Volatility continues. After a 3% bounce on the S&P 500 (NYSEARCA:SPY) and a very respectable 3.6% bounce on the Nasdaq (NASDAQ:QQQ), the dead cat bounce that was today ran out of spring.

It was once again the final minutes of trading that did the rally in, as the Dow Jones Industrial Average (NYSEARCA:DIA) crashed 3.3% in the final hour. It appears short selling traders are getting an early Christmas.

Oil also made a respectable comeback today, rising close to 2%, though oil stocks still saw the pain of the final hour collapse, as Exxon Mobil (NYSE:XOM) lost close to 4 percent into the close. Gold (NYSEARCA:GLD) and precious metals on the other hand did not respond positively to the sudden volatility at the end of the day, with the gold price ending the day down 1.2%.

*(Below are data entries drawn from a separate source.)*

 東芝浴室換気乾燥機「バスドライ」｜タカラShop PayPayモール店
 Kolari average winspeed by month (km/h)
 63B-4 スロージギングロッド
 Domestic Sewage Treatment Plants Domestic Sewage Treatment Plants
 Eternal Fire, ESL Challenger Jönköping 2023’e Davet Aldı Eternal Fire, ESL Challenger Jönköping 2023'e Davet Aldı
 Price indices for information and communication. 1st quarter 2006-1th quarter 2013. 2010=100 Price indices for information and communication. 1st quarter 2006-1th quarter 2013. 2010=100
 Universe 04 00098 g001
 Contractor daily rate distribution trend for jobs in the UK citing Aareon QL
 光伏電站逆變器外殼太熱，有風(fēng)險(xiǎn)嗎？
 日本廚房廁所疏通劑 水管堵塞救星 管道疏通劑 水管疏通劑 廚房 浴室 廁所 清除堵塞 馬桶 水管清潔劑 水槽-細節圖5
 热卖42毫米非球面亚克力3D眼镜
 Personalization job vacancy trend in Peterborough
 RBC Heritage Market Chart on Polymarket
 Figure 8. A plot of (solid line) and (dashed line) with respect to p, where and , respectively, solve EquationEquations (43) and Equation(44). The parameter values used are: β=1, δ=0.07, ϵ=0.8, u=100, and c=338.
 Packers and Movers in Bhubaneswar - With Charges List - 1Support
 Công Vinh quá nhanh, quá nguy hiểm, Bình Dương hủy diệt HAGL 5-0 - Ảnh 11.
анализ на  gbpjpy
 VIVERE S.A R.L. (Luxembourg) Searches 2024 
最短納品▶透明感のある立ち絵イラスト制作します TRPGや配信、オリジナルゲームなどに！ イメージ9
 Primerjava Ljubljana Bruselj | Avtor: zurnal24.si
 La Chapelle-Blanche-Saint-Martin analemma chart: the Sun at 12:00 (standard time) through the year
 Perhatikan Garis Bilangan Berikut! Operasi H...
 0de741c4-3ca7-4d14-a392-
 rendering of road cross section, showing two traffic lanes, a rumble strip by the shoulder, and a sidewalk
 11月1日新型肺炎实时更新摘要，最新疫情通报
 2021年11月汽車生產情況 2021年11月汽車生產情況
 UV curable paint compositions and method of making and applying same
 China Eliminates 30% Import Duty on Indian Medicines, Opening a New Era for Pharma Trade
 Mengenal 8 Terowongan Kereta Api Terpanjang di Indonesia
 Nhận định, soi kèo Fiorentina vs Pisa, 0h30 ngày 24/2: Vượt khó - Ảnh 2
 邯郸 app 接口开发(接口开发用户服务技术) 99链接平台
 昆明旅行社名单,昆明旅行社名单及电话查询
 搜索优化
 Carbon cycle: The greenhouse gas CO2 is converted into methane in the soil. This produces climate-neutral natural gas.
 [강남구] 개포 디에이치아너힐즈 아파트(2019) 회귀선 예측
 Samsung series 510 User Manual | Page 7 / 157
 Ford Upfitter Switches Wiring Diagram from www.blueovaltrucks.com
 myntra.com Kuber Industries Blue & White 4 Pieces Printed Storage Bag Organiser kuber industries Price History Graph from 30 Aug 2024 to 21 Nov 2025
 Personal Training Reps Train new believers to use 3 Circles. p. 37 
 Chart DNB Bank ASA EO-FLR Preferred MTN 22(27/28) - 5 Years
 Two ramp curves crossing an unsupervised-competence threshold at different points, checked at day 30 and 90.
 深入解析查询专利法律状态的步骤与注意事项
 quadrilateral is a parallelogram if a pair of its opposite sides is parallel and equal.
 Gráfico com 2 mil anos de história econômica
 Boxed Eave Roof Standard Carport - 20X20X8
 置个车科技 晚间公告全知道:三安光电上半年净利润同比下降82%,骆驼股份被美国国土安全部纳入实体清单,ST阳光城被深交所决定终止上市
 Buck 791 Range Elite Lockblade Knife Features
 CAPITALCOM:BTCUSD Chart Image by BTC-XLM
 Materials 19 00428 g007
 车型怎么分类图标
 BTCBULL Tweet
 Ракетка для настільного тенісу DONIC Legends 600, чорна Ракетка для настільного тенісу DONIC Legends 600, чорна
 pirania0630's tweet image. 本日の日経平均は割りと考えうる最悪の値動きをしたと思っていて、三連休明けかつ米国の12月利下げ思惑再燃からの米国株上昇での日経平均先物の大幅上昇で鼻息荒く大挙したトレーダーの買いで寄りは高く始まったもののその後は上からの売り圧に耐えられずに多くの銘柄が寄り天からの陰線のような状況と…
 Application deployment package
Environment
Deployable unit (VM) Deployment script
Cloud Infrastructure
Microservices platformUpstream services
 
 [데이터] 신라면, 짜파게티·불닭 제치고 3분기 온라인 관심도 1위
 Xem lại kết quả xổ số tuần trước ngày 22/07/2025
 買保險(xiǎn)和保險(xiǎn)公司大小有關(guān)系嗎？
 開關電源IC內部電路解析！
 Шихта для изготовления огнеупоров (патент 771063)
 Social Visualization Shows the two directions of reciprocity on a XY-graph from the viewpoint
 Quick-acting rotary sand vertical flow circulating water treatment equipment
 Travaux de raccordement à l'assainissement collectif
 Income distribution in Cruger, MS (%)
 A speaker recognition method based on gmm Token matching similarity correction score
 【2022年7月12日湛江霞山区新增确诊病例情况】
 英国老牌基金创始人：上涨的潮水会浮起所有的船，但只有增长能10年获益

All eyes will be on China (NYSEARCA:FXI) tonight, as trading opens in Shanghai in a few hours. The Nikkei had an equally volatile day yesterday preceding US market open, trading in a range of over 6% and ending down 4%. If the recent patterns continue, we should see a rise in the Euro (NYSEARCA:FXE) and corresponding fall in the US Dollar (NYSEARCA:UUP) along with a general collapse of emerging market currencies in the next 24 hours.

Finally, bonds got hammered today despite the negative close in equities. The iShares 20+ Year Treasury Bond ETF (NYSEARCA:TLT) is down 3.6% since its highs yesterday.

Given another poor close, look for stocks to open tomorrow gap down, and pressure on the Federal Reserve to call off any rate hikes to increase.